The inflation story has run too far ahead of itself. OPEC, China, and the “Trumpflation” narrative, the major drivers of this inflation, are all pausing at the same time. I know that I’ve been flip-flopping like a fish out of water as of late. But that tends to happen around a pivot point. And fortunately the markets have been kind enough to wait for me. I know guys like Jeffery Gundlach and Jesse Felder have been calling for this pivot a bit longer than I. And finally with a lot of struggling, I too agree. So let’s go through it all.
Investors are simply too bearish on bonds.

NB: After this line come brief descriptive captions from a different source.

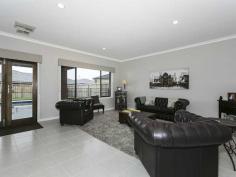 94 Arnolds Creek Blvd Melton West VIC 3337 Easily Cater for Large-Family Living This magnificently designed & built Porter Davis home comprises a mixture of formal & entertaining areas throughout. Downstairs is the first master bedroom inclusive of full ensuite, his & hers walk-in robes & parents retreat. The generous sized kitchen is complete with caesarstone bench tops, butlers pantry & Blanco stainless steel appliances. The purpose built home theatre & adjoining dining & family areas lead out to the alfresco living, overlooking the monster size solar heated swimming pool & manicured gardens. Upstairs offers a formal lounge, home office & 3 bedrooms, including a second master with full ensuite & walk in robe, the 3rd bedroom contains its own walk-in robe & direct access to the two-way master bathroom. The home office's balcony takes in stunning views of the Long Forest Flora and Fauna Reserve & Lederderg State Park. Ceiling fans are located in all 4 bedrooms & ducted heating & cooling provides great climate control all year round. Only the best fixtures & fittings have been used throughout this outstanding home in a highly sought after estate. An inspection will not disappoint, book an inspection today. General Features Property Type: House Bedrooms: 4 Bathrooms: 3 Indoor Features Ensuite: 2 Outdoor Features Garage Spaces: 2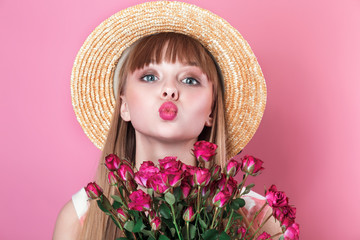 Woman with flowers sends air kiss on pink background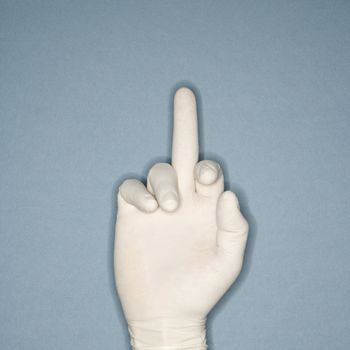 Hand wearing white rubber glove with middle finger extended making profane gesture.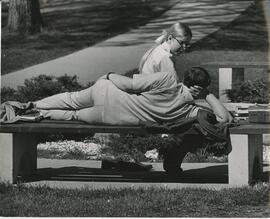 Two students lounging outside on bench, 1969.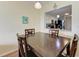 Dining area with dark wood table and kitchen pass-through at 2625 Terra Ceia Bay Blvd # 205, Palmetto, FL 34221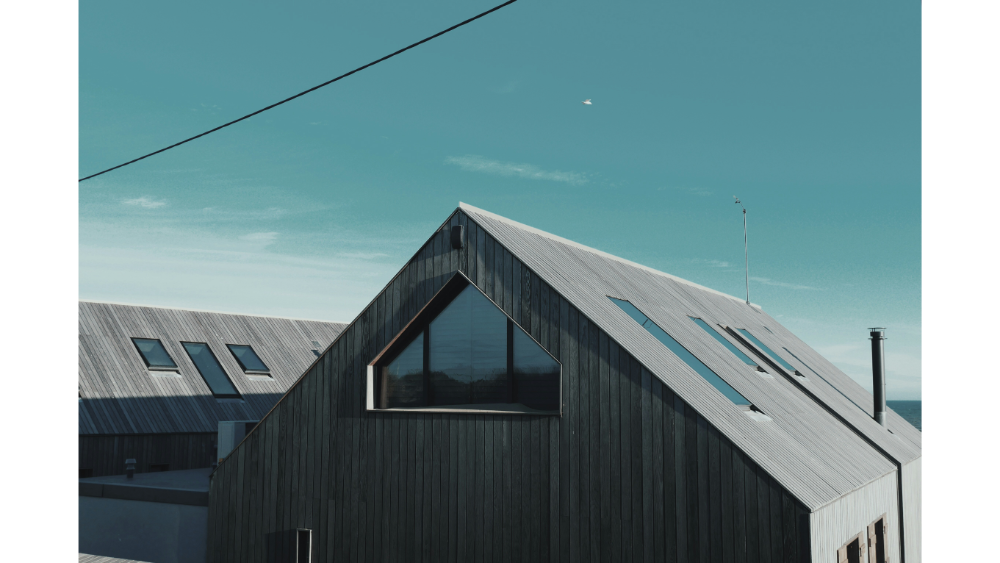 Modern home with a steep gable roof and vertical wood siding, featuring skylights and large windows under a teal sky.
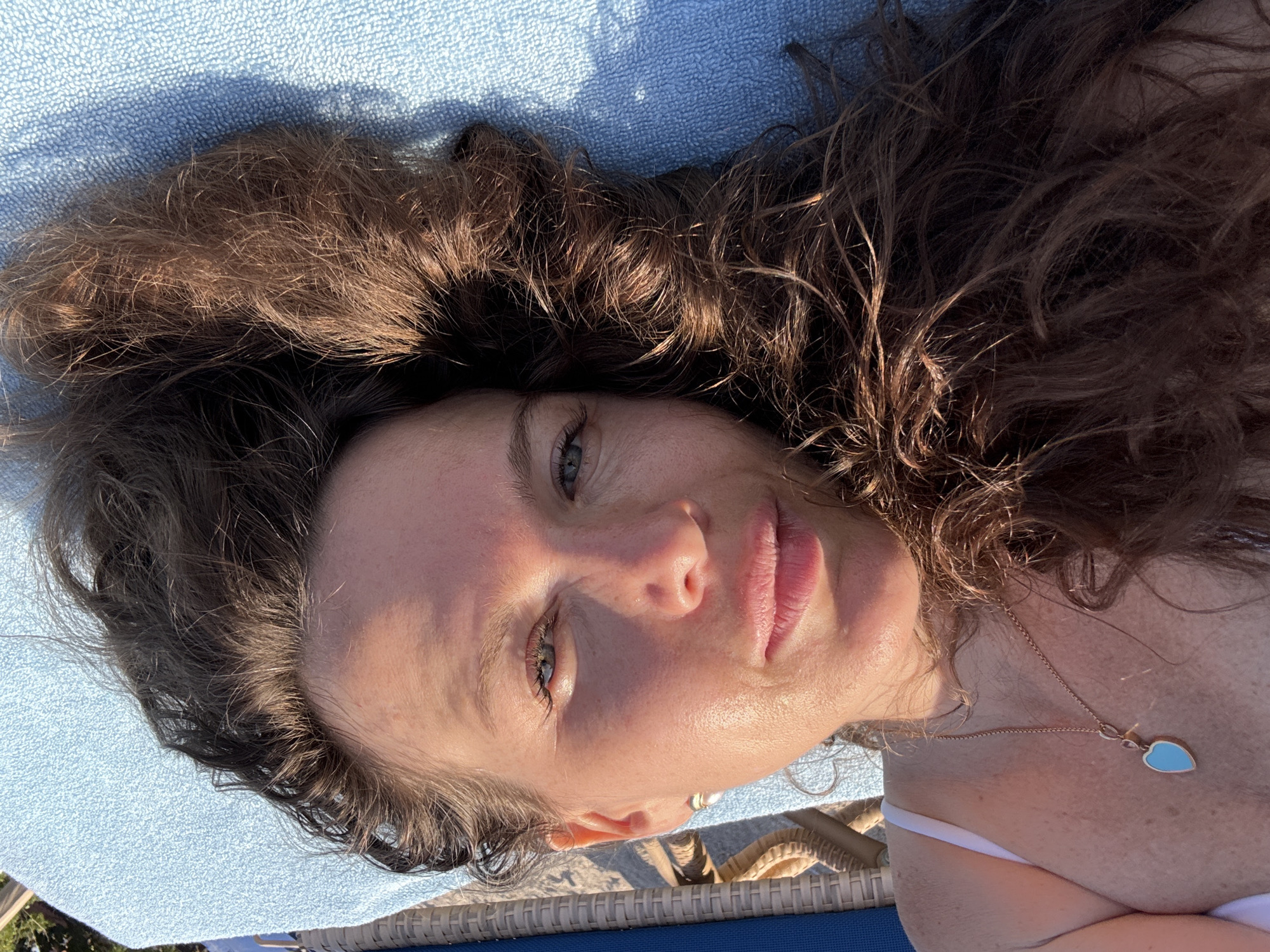 A woman with long, dark brown, curly hair is lying on a blue towel, possibly outdoors. Her face is angled towards the camera, with her eyes looking slightly to the left. She has fair skin, light blue eyes, and her lips are slightly parted. A strand of her hair falls across her forehead and cheek. She is wearing a white bikini top and a delicate gold necklace with a heart-shaped pendant containing a light blue stone. The lighting suggests it is daytime, with sunlight casting shadows. The background shows a woven chair and a bright blue towel. There is no indication of the city of Dubai or the United Arab Emirates in this image.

The Trumpflation narrative is on the verge of coming undone. His own party is prepared to fight him on his key fiscal issues. Which should translate into smaller deficits and lower domestic inflation both of which should push yields lower. To be fair, these are the same congressmen that allowed Obama to rack up $10T of debt in just 8 years. Given enough shoving they’ll likely go along, but that will take time. And time is something this narrative is currently running out of.

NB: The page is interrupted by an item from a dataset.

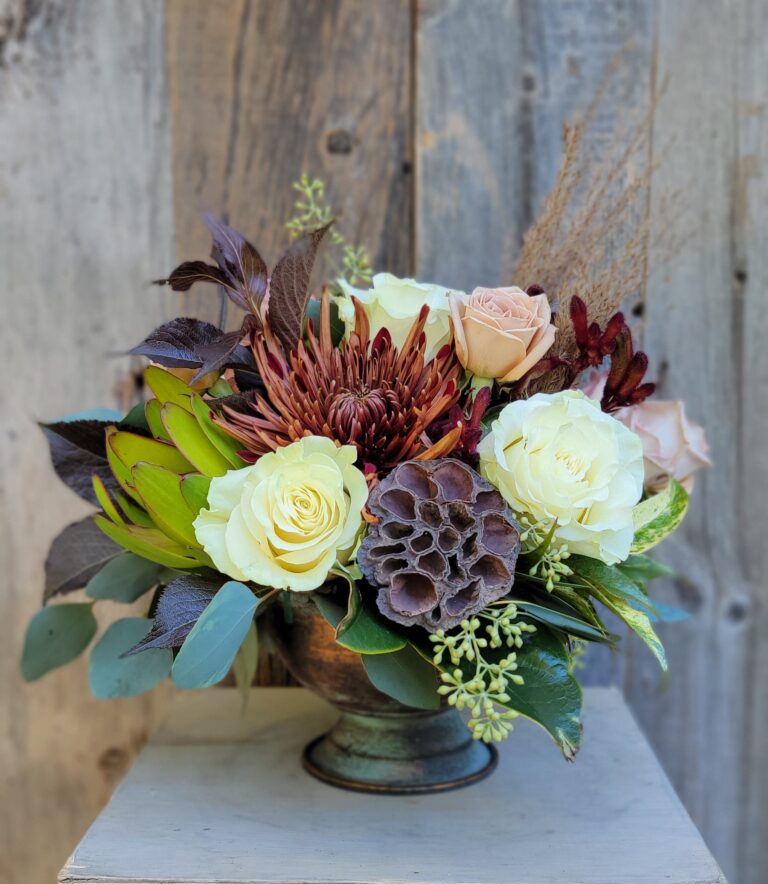 An arrangement of flowers in a vase on top of a wooden table.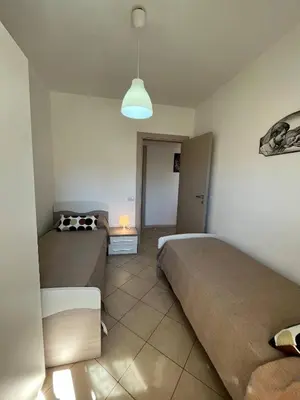 Letto o letti in una camera di first floor lido house with terrace for exclusive use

OPEC likely needs to prove itself before oil can sustain above $50 a barrel.The market priced in the cut before it happened, but failed to realize what $50+ oil would do for US shale. Rising OPEC production coupled with rising US production is hardly bullish for oil. Inventory builds are massive at the moment. Lower oil prices over the next few weeks should drag down inflation expectations as well.
The PBoC has been tightening liquidity since October. Officials were/are likely worried about rising inflation and decided not to overheat the economy before the new year. They’ll likely turn the taps on in mid January for the Lunar holiday, but till then, deflation and risk off should will be increasing at the margins.
With China tightening till January, OPEC not cutting till January, Trump facing significant political opposition and speculators massive short US treasuries, we could be in for a significant short squeeze in US treasuries.
So if tell you, US yields are set to go lower compressing interest rate spreads between JGBs, the Yen would strengthen. And once you think the Yen is about to strengthen a whole host of trade opportunities become available. Because I’m driving to Texas this weekend (which makes this my last post for the next week), I’ll suggest the most obvious, gold. Gold looks due for a nice bounce.
Actually, I’ll give you another. Once the Fed hikes, and pushes short term rates higher, imagine what the yield curve will do with the long end falling? We could see a much flatter yield curve in just a few short weeks. Bank stocks, the darlings of the FOMO crowd could come under heavy fire.
A real benefit from my constant flip flopping, is that I now have a much better perspective on two sides of the inflation story. At risk of getting ahead of myself, I believe this next move will be nothing more than a counter trend move. I believe that China will once again open the spigot, OPEC and Russia will actually cut production, and Trump? Well Trump ain’t passing so much as a grape salad let alone a massive stimulus bill with the US is growing at 2.5%. US shale may hide the deteriorating US consumer for another quarter or two at most but soon it will be obvious the marginal buyer in the domestic world is no longer there. But at this point, that’s beyond the time horizon of this move.
My biggest concern for this rebound thesis is that the Chinese authorities over estimate the strength of their economy and tighten too much. As a China bear, my bias shows here, but I still think it is something to watch out for. OPEC might also fail to cut, but I doubt it, as they say in the talkies, “there’s no turning back”. Seriously could you imagine how stupid it would be for them to go back now, after US shale hedged a record amount of its production! Odds of that happening are SMALL.
Disclaimer: This blog post is not advice to buy and or sell securities. I am merely informing you of my intentions. If you act on the words of a twenty something millennial over the internet you have only yourself to blame.